THE MYTH OF “CIVILIAN CONTROL”

The numbers tell a different story…

What’s the first thing that pops into your mind when you hear this string of names: Panetta, Hagel, Carter, Mattis, Shanahan, Esper, Spencer, Esper (again), Miller, Norquist, Austin? Well, “civilian control of the military” ain’t most likely at the top of your list. Those are the 10 men who have served as defense secretary over less than the past decade, either in a Senate-confirmed, or acting, capacity.

That’s remarkable churn at the pinnacle of the nation’s military—less than a year, on average, in the job. At the same time, there have been only four chairmen of the Joint Chiefs of Staff.

No wonder the uniformed military runs circles around their purported civilian masters when it comes to waging war and buying weapons. Of course, The Bunker began his reporting career shortly before Caspar Weinberger moved into the defense secretary’s suite in 1981. Cap stayed there for nearly seven years, becoming the Pentagon’s version of “President for Life” Idi Amin of Uganda. Reporters wondered if he ever intended to leave.

The lengthy stints of the nation’ top four-star officers contrasts with the shorter terms too often served by those military officers in charge of developing weapons. “Tenure agreements for military program managers are interrupted/shortened by promotion, deployments, schools, and transfers,” the Pentagon’s own Defense Business Board noted (PDF) in 2011. “Short tours lead to short-term decision making and risk avoidance, to the long-term detriment of the program.”

Same thing can be said of the civilians “in charge.”

The latest to testify about this sad state of affairs is Christopher Miller, who served as President Trump’s final Pentagon chief for 72 days. “When the system is weighted towards the [uniformed] Joint Staff and the [uniformed] geographic combatant commanders against civilian control, you know, we’ve got to rethink this,” he told Adam Ciralsky in an extraordinary January 22 article in Vanity Fair. By “idolizing and fetishizing” the military brass, Congress has overlooked the gradual loss of civilian control. “This f------ place,” the former Green Beret (and defense secretary!) said of the Pentagon, “is rotten.”

Speaking of four-stars, Defense Secretary Lloyd Austin—confirmed January 22 and the first Black American to ever hold the post—wore them on his shoulders at the end of his 41-year Army career. It’s too early to say whether that will help, or hurt, any push to regain civilian control of the Defense Department.

GET-INTO-WAR-FREE CARD

Long past time to scrap existing approvals

As noted above, former acting defense secretary Chris Miller puts the blame for shrinking civilian control of the military on Congress. Same thing’s true when it comes to the nation going to war. The conflicts in Afghanistan and Iraq, along with clashes in several other nations, are happening under the authority Congress granted President George W. Bush in 2001 and 2002 shortly after the 9/11 terror attacks.
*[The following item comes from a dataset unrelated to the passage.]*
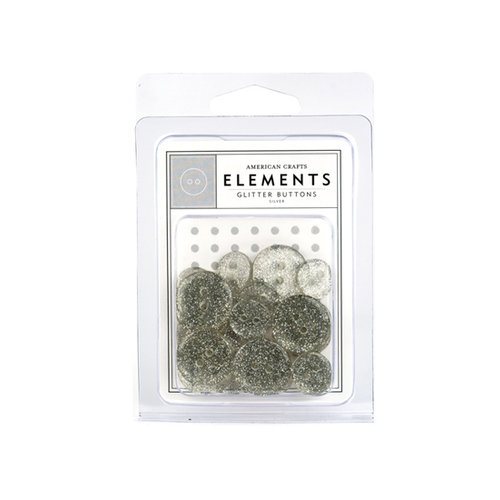 American Crafts - Glitter Buttons - Silver, CLEARANCE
It’s long past time for Congress to revoke that pair of Authorizations for the Use of Military Force (AUMFs) and come up with something better, five Democratic representatives told President Biden in a January 21 letter (PDF). “The 2001 and 2002 AUMFs were both passed nearly 20 years ago and bear little resemblance to the threats we face today,” said the lawmakers, led by California Representative Barbara Lee. She was the lone lawmaker to vote against that 2001 authorization, aimed at punishing Afghanistan, three days after 9/11. “Over the past 19 years, three successive presidents have used military force pursuant to the 2001 AUMF in more than seven countries, against a continuously expanding list of targetable adversaries.” The Iraq-inspired 2002 AUMF “is not a necessary source of authorization for any current military operations,” they added, but it “has been stretched to cover past operations Congress never authorized, including the January 2020 killing of Iranian General Qassem Soleimani in Baghdad.” The Biden administration has indicated its willingness to modify the authorizations.
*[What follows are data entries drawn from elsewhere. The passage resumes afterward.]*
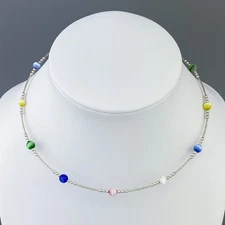 Sterling Silver Memory Wire Multicolor Simulated Cat's Eye Choker Necklace 15.5"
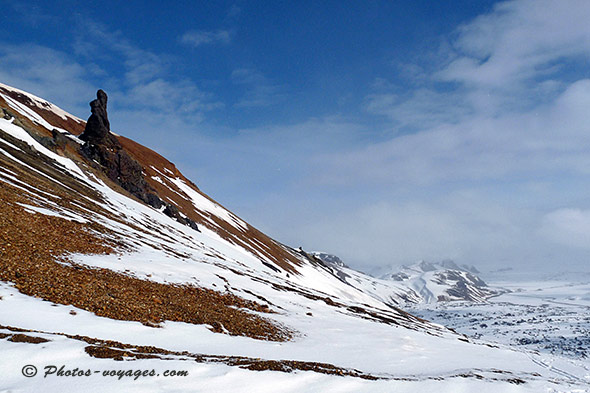 Caldera sous la neige islandaise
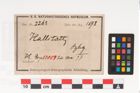 Etikett zu Bronzegürtelblech (NHMW-PRAE-002263)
Ever since World War II, members of Congress have been loath to debate and vote to declare—or vote against declaring—war (e.g. Vietnam, Panama, Iraq 1.0, the Balkans, etc). But the existing pair of AUMFs are even more insidious and pernicious than mere inaction. They represent an open-ended invitation for a president to bend them to initiate combat, anywhere in the world, without any additional congressional OK, all under the guise of waging a “war on terror.”
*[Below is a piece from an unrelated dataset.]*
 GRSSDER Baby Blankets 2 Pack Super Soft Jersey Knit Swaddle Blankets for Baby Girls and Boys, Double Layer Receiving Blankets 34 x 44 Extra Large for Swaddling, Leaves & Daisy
“Common sense will tell you it’s not right,” Representative Don Bacon, a Nebraska Republican, told Politico January 21. “Bin Laden’s on the bottom of the ocean. Saddam Hussein—his demise—it’s been over a decade ago, too.”

So why do lawmakers continue the charade, allowing combat that could lead to a wider war without their buy-in? “I've talked to many members—I'm not gonna mention names—a lot of them want war, or they want us out, but they don’t want to vote on it,” said Bacon, a retired Air Force brigadier general who served in Iraq. “They don't want to take a risky vote. And it’s not right. This is one of the most important things Congress is supposed to decide.”

Pathetic.

“FUSTEST WITH THE MOSTEST”

Instead of winning the next major war, let’s prevent it

Getting to battle “fustest with the mostest” is the best way to win a war, according to an apocryphal quote often attributed to a U.S. Civil War Confederate general. But the U.S. military increasingly is unable to do that, according to a new report (PDF) from the Center for Strategic and International Studies. “With the shift of U.S. strategic focus to great power competition, interest in industrial mobilization for a long-term, high-intensity conflict has returned,” Mark Cancian and Adam Saxton maintain in their January 8 study. “However, the highly consolidated and fragile U.S. defense industrial base is not designed to meet this challenge.”

This topic looms larger these days as the Pentagon, after two decades of minor-league wars in Afghanistan and Iraq, is spending more time focusing on the prospect of this renewed “great power competition” that could pit the U.S. against China or Russia. The cushion for wartime surge production that used to exist in the U.S. defense industry has eroded as that slack shrank following the Cold War.

What was once known as the “arsenal of democracy” has become so anemic that it “would be inadequate to sustain forces in the field for any length of time,” the study concludes. Too many weapons would take years, if not decades, to replace. Fundamentally, the U.S. would go to war with the weapons it had on hand the day the war began, with no assurance battlefield losses could be replaced in time to make a difference.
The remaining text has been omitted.